AIM OF THE TASK:
Gather every line from the entries below that includes "down".

DATASET EXCERPTS: Begin

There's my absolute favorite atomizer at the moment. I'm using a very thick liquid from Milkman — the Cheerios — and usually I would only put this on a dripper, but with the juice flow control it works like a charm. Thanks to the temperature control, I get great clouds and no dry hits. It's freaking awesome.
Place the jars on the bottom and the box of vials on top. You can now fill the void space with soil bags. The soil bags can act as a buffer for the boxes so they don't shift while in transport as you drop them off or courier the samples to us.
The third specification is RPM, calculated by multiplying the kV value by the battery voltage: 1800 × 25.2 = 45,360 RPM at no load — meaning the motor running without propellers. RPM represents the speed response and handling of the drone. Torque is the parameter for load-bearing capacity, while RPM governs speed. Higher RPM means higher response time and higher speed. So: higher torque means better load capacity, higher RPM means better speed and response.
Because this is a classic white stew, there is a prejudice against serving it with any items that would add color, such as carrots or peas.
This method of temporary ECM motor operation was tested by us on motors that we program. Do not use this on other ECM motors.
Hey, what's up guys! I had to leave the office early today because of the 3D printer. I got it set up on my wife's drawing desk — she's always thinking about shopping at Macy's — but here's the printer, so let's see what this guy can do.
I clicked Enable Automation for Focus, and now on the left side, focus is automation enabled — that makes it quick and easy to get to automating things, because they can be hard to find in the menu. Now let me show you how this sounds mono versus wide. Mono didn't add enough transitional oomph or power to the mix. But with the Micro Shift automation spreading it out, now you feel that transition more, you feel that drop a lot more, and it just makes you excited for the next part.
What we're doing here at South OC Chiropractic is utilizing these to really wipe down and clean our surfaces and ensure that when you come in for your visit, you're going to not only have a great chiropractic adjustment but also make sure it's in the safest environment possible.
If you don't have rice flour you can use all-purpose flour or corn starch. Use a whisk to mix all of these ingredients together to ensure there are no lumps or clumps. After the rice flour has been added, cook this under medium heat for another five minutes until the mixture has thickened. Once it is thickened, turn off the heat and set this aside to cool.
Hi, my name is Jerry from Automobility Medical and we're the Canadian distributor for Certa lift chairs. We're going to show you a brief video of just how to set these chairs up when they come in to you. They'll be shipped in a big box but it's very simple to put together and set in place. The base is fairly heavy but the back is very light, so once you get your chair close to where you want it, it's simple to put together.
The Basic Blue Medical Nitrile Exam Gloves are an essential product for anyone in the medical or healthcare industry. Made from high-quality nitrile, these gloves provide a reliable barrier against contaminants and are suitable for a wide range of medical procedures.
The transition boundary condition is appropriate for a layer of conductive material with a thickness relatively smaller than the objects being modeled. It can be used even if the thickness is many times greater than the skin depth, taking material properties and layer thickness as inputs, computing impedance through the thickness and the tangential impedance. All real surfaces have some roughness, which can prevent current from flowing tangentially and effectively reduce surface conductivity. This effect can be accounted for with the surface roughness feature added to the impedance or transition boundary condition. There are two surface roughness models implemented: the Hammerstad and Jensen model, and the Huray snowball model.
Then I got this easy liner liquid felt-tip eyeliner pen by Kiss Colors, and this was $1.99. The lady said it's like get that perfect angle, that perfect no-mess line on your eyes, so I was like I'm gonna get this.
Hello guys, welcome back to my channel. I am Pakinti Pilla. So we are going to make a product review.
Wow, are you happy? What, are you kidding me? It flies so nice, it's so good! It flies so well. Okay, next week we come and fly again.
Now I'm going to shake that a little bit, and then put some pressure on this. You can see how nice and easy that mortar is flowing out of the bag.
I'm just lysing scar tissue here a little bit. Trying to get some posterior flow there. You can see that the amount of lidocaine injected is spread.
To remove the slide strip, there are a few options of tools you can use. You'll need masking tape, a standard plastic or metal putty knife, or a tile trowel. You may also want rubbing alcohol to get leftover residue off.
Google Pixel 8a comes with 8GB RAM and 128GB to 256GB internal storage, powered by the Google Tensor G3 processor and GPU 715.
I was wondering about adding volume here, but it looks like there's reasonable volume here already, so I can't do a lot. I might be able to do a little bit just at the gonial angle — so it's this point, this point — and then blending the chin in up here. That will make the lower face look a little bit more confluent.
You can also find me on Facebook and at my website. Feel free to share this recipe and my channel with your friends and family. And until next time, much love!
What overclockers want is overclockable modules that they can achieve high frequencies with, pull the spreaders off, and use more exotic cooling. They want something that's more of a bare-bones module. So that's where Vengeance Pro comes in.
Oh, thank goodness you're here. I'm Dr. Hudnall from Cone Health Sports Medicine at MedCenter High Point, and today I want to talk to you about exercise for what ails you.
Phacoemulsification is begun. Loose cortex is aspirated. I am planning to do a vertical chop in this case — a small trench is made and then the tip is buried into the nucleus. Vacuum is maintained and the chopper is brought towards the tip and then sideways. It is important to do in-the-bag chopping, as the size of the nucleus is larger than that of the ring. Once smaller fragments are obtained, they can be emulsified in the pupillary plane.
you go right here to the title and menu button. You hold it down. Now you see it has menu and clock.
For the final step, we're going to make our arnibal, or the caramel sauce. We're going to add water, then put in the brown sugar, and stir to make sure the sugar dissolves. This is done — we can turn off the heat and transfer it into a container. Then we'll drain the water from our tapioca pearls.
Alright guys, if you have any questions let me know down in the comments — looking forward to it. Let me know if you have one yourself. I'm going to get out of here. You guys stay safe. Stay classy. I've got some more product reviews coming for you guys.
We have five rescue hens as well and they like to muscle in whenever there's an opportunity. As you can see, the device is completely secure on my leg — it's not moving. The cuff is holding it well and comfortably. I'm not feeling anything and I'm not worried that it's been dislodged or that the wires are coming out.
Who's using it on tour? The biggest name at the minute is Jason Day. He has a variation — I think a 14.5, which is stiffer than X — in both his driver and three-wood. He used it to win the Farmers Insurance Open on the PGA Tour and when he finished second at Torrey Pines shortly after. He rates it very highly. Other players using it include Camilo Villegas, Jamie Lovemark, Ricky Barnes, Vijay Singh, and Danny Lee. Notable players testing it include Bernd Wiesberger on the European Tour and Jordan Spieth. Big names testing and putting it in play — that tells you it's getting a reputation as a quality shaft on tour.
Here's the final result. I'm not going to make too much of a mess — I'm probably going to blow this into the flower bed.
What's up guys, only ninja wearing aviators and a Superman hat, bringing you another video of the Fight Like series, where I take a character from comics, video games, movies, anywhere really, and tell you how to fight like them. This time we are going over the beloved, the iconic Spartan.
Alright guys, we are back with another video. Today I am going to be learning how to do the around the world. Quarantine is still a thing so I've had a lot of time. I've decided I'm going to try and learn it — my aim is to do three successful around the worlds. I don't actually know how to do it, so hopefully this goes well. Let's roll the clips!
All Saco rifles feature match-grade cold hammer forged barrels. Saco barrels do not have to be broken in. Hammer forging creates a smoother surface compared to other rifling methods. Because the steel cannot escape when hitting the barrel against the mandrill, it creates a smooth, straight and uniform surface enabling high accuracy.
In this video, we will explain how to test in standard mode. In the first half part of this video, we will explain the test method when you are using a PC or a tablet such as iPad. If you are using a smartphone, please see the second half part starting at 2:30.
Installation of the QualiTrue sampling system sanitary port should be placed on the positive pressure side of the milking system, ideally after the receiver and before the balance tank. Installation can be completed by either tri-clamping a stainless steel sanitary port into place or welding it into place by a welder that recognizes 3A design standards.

DATASET EXCERPTS: End

REPLY:
What we're doing here at South OC Chiropractic is utilizing these to really wipe down and clean our surfaces and ensure that when you come in for your visit, you're going to not only have a great chiropractic adjustment but also make sure it's in the safest environment possible.
you go right here to the title and menu button. You hold it down. Now you see it has menu and clock.
Alright guys, if you have any questions let me know down in the comments — looking forward to it. Let me know if you have one yourself. I'm going to get out of here. You guys stay safe. Stay classy. I've got some more product reviews coming for you guys.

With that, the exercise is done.